Data structure and Sorting Algo: Array/ Sorting, Disk based, dual-pivot quick sort (Java’s Arrays. sort() )
Approach: In-Memory
The limit of k-size : Arbitrary large k-mer lengths (any ideal length)
Supports online k-mer frequency retrieval : No
Supports compressed file processing : Yes
Thanks
Tarang
Yes, your details are correct with a few caveats.
Disk based:
By default, KAnalyze fills a memory buffer (k-mer "segment"), sorts and counts it, then dumps it to disk. Then the memory buffer is cleared and the next set of k-mers are counted. Instead of dumping the buffer to disk, it can move it to another place in memory (Option --nodumpseg) and re-allocate the memory buffer. This mode is not recommended unless the machine has lots of memory to work with. In Java, this is also less efficient because new arrays are zeroed. KAnalyze uses Java NIO and sophisticated buffer transfer algorithms to make moving data as efficient as possible.
Online k-mer frequency:
I am not sure about online k-mer frequency retrieval. The first time I saw this term was in the "khmer" paper. For a tool to read k-mer counts as they are updated, it would have to use the k-mer counter as an API, and KAnalyze is an API with facilities to run pipelined components from the command-line (the "count" and "stream" pipelines). It wouldn't take much for a programmer to load the pipeline components into their own code and do whatever they wanted, such as pushing new data into it or checking counts. I leave it up to your judgement to determine what constitutes "online" or not.
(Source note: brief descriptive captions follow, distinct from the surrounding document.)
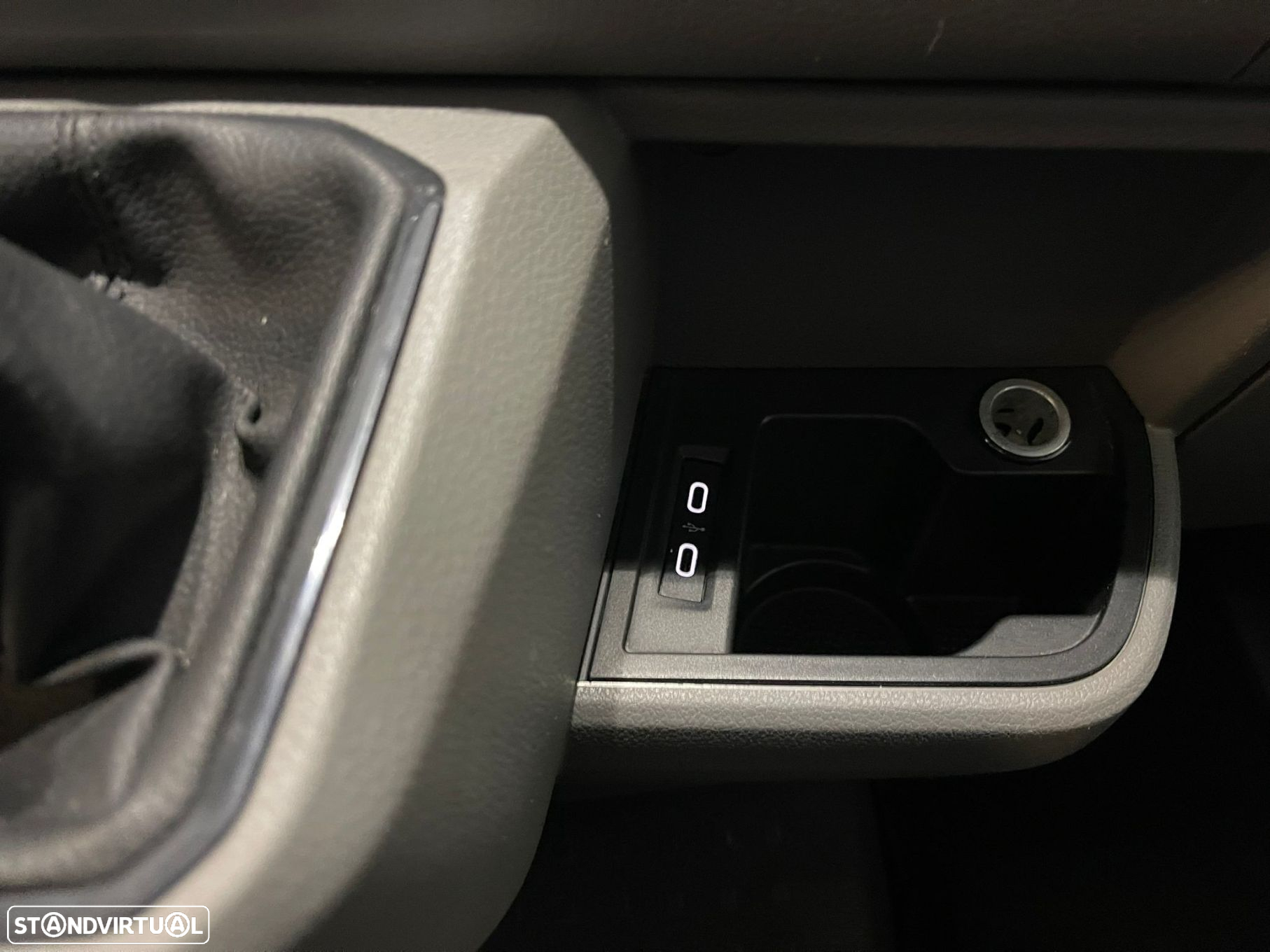 VW Transporter - 30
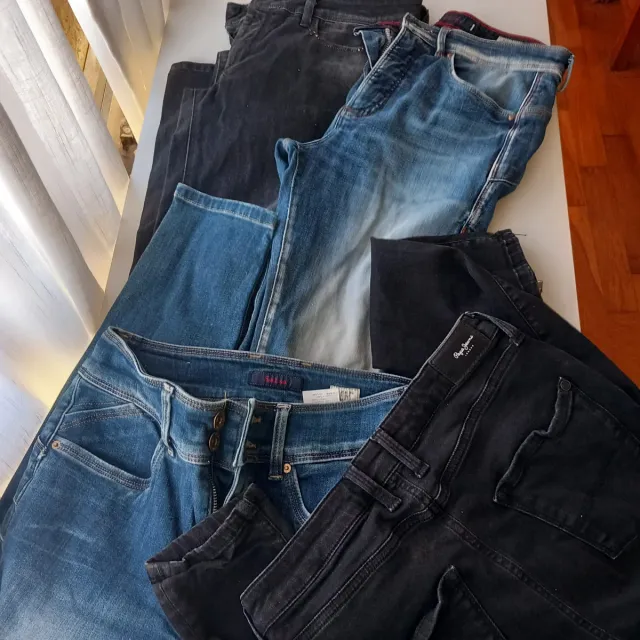 Pantalones vaqueros (jeans) azules y negros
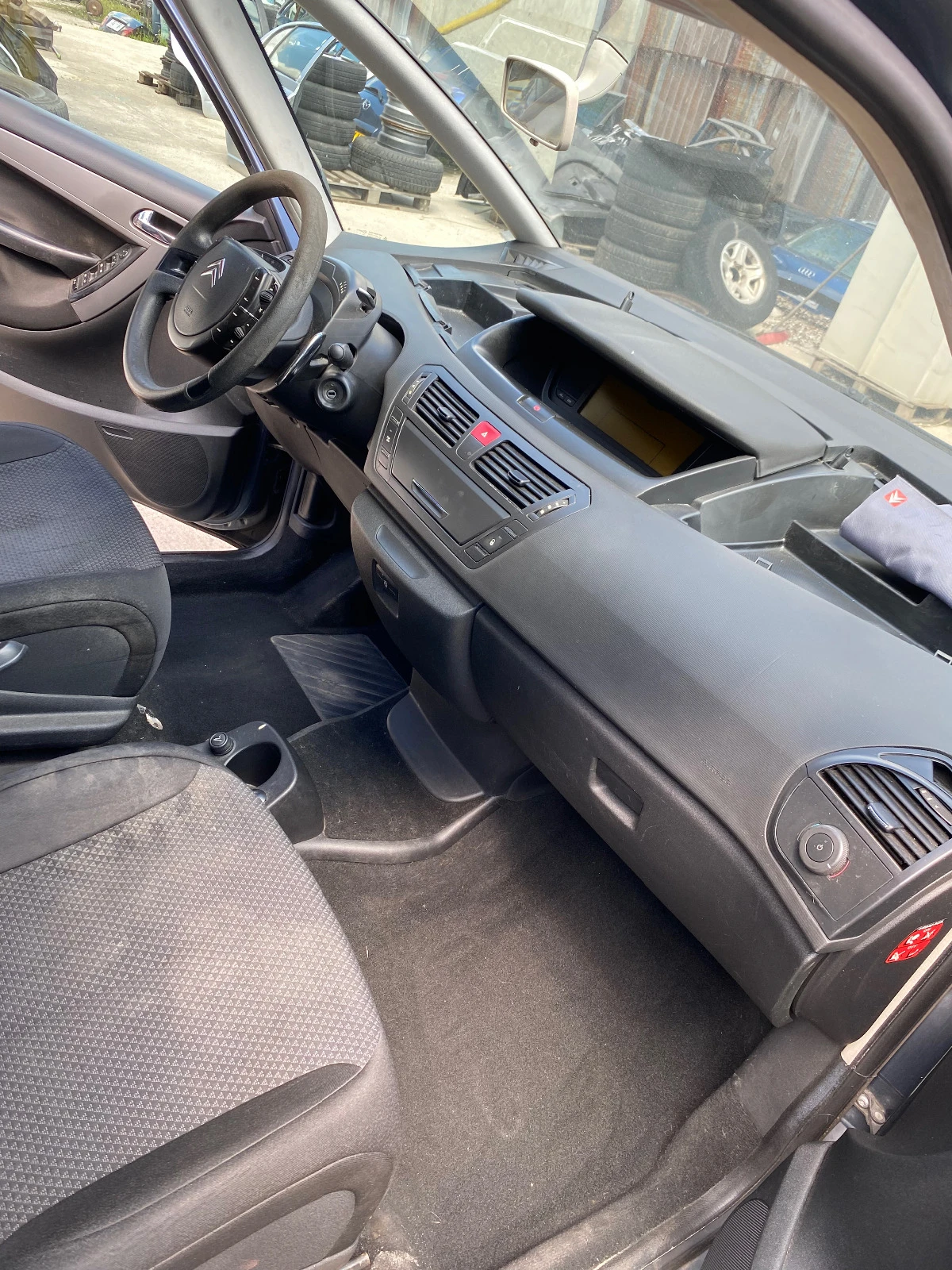 Citroen C4 Picasso 1.6 HDI автоматик | Mobile.bg — изображение 12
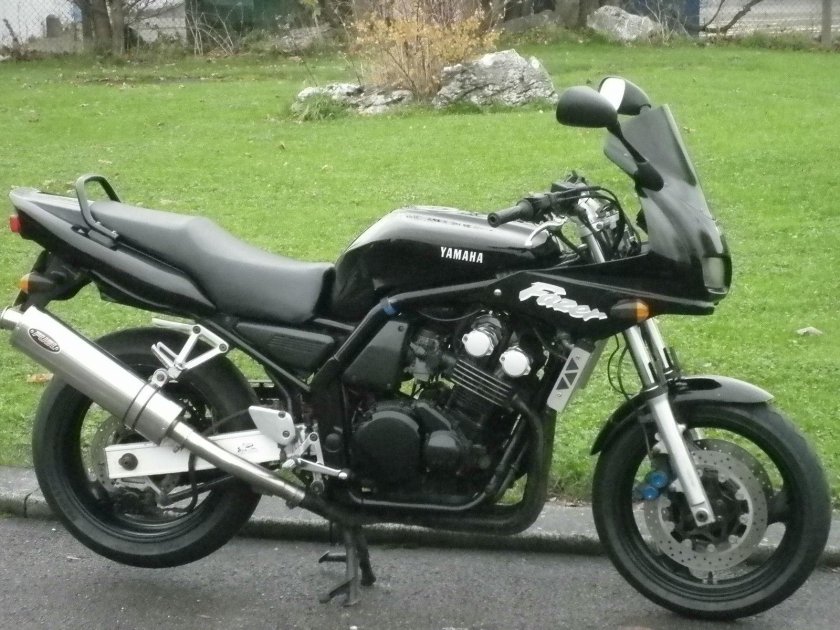 Yamaha FZS 600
Exact vs stochastic counters:
I think it is important to make the distinction between exact and stochastic k-mer counters. Exact counters, such as Jellyfish and KAnalyze, output exact counts. Stochastic k-mer counters, such as Khmer and BFCounter, give an approximation. They do remove singleton (in-solid k-mers), and that improves efficiency, but they are also subject to biases that may or may not effect an experiment. Both are quite useful, but I think the distinction should be very clear for those using the tools and for anyone publishing benchmarks comparing tools.
KAnalyze can filter low-count k-mers so that in-solid k-mers are removed from the final output.
There is a pre-count filter hook that can be extended by defining a custom class (in a JAR file), then telling KAnalyze to load the JAR and use the pre-count filter contained in it. The only reason KAnalyze does not come with this filter built in is that I have not seen any interest in it.
Other features:
In this response, I would like to selfishly take a moment to highlight some KAnalyze features that are, to my knowledge, unique.
The merge-sort KAnalyze uses demands that output be sorted, and most k-mer counters give output in a random order. This make the output easier to seach and munge.
The sort order can also be arbitrarily defined, which I took advantage of to make a data structure that can query k-mers from a disk file almost as fast as it could be done by loading the whole file into memory. This work was just published with the tool Kestrel (https://doi.org/10.1093/bioinformatics/btx753). The flexibility of the k-mer counter and the ability to use its components as an API made this robust k-mer-count variant caller possible.
Thank you for your interest and your dilligence! Good luck with your work, and please let me know if I further clarify anything for you.
If this work is to be published, feel free to cite and/or link my response in your manuscript or supplementary material.